Highway to Heaven cover (Whitney McPhie)

The last time the Oregon Department of Transportation rolled into Albina, the agency arrived with bulldozers and wrecking balls.

That was 60 years ago, when the state highway department gutted Black Portland, razing hundreds of homes and businesses to carve Interstate 5 through the neighborhood where 8 out of 10 Black Portlanders lived. And so began a decadeslong exodus.

Now, ODOT is back, trying to convince the Black community that its proposed Rose Quarter project—widening the freeway through present-day Albina—could be a form of economic reparations, rather than what critics see as a doubling down on traffic, pollution and displacement.

Instead of bulldozers and wrecking balls, ODOT comes this time bearing lucrative contracts and gift cards. Over the past four years, to make its pitch to Black leaders, the agency deployed an army of consultants, none more important than a loquacious preacher from Vancouver, Wash., named Dr. Steven Holt.

Holt’s job: to overcome the skepticism and, at times, outright hostility of people who yearn for the Albina that ODOT tore asunder. He had to sell the agency’s plan to a community that blames the highway department for many sins.

In 1962, state highway officials tore apart Albina to build Interstate 5. (Portland City Archives)

“A lot of people in my district just don’t trust ODOT,” says state Sen.
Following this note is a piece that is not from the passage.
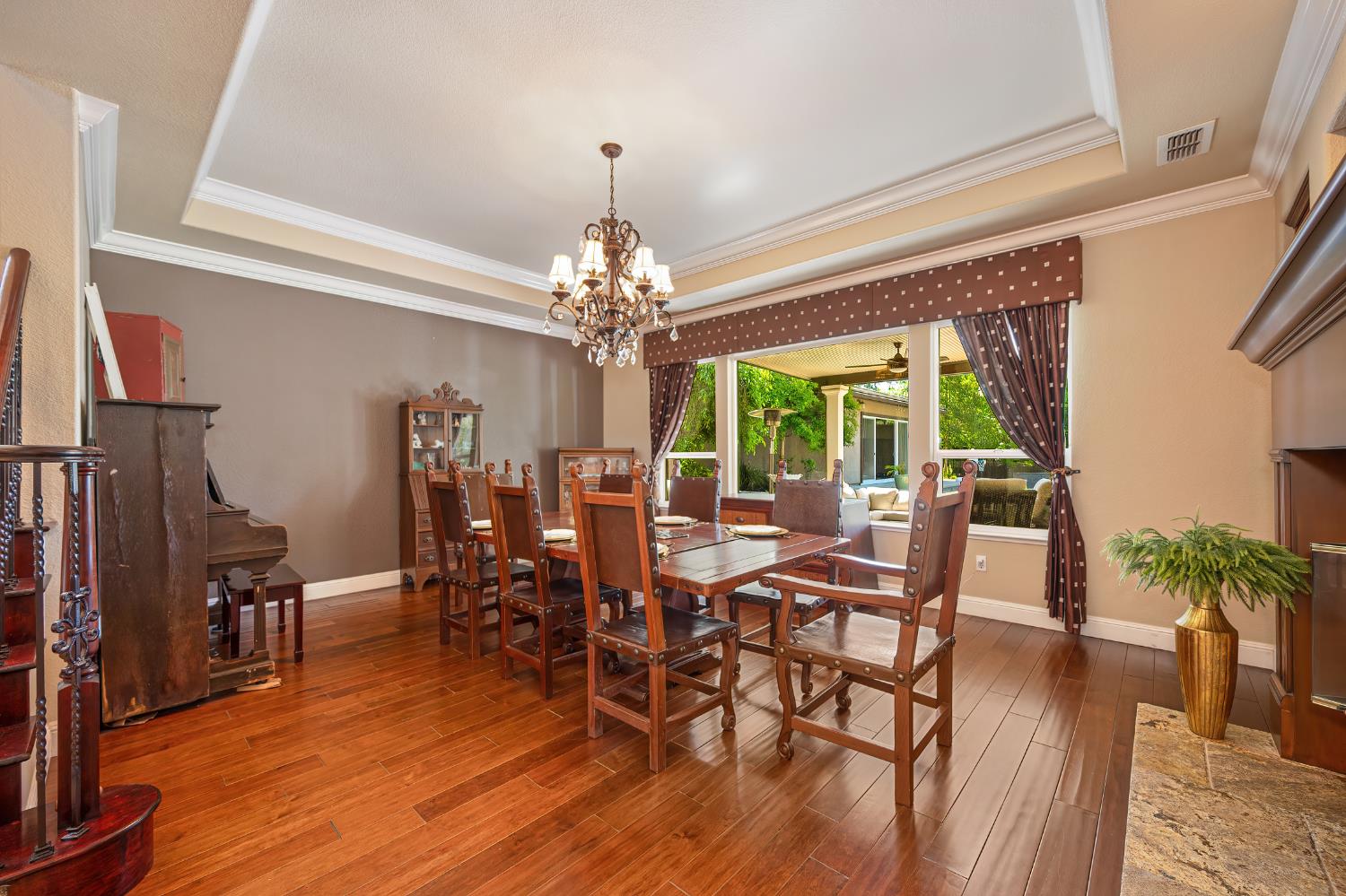 3474 Castle Creek Court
Lew Frederick (D-Portland), who sits on the Legislature’s Joint Committee on Transportation and represents Albina.

A sunny Harley Davidson enthusiast who favors bow ties and crisp pocket squares, Holt, 58, speaks in the lyrical rhythms, rich metaphors and frequent repetitions of a long Sunday sermon. ODOT hired his company to overcome the mistrust Frederick describes.

The agency paid dearly. Holt’s company, Try Excellence LLC, which includes Holt, another consultant and his son, has charged ODOT $2.7 million since 2020. (A recent contract with another government agency shows the firm charges $650 an hour.)

Try Excellence’s billings are a fraction of the more than $127 million the agency has spent on the Rose Quarter project so far, but also a measure of how hard ODOT is promoting the project.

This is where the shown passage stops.